A recent survey by Graham and Harvey (2001) finds that three out of four CFOs use the CAPM as the primary tool to assess cost of capital. Why do managers continue to use the CAPM along with the historical average market risk premium to estimate cost of capital when the evidence indicates that this practice leads to gross overestimation of the cost of capital? In this paper, we provide an answer to this question.

We take the stand that the cost of capital is not a critical input for arriving at the right decision in those situations where managers use the CAPM. To understand why that may be the case, we need to distinguish between valuing projects and selecting the right project at the right time. While precise estimate of cost of capital is necessary to value a project, it may not be needed for deciding which projects to fund at a given point in time. For example, consider a firm that has several attractive positive NPV projects, but can undertake only one of them due to organizational capital being in limited supply in the short run. In that case, it would be sufficient to identify the project that has the highest NPV for making the right decision. A manager who uses too high a value for cost of capital would still undertake the right project as long as the NPV computed using the wrong cost of capital is positive and ranks the projects in the right order.

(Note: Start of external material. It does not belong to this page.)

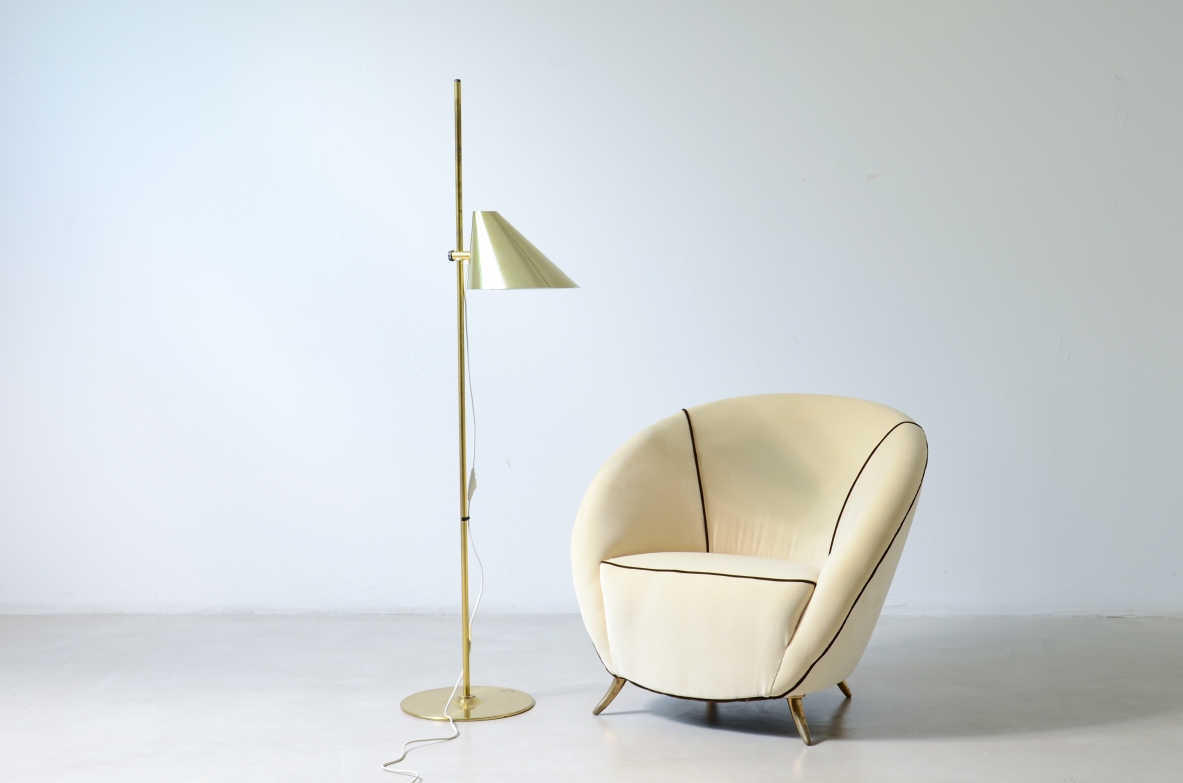 Hans-Agne Jakobsson. Two modernist brass floor lamps, Sweden, 1960.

The earlier literature on capital budgeting viewed financial capital as being in limited supply and textbooks discussed capital rationing extensively. Capital rationing has received little attention in the more recent literature, especially in the post Modigliani-Miller era, for good reasons. In a well functioning capital market, the cost of capital will adjust to equate supply and demand for financial capital. By definition, projects that are not funded must be those with a non-positive NPV. Hence, financial capital is always available at the right price (cost of capital). In our view, what is rationed is not financial capital, but managerial talent and organizational capital. Managers with superior skills will always have future positive NPV investments in the pipeline. This creates situations where the firm has to decide whether to take up a project today or wait for a better project in the future. In such situations, the project on hand must be sufficiently attractive for the firm to undertake it immediat ely: i.e., its NPV must be higher than a target level NPV* > 0. Equivalently, the firm may compute NPV using a hurdle rate that is sufficiently higher than the cost of capital and take only those projects that have a positive NPV computed using the hurdle rate. We show that in such situations precise estimation of the cost of capital is not critical. As long as a reasonable hurdle rate that is sufficiently higher than the cost of capital is used the firm would make nearly optimal decisions. The capital budgeting decision would be fairly insensitive to the estimated cost of capital and the estimates of the riskiness of future projects.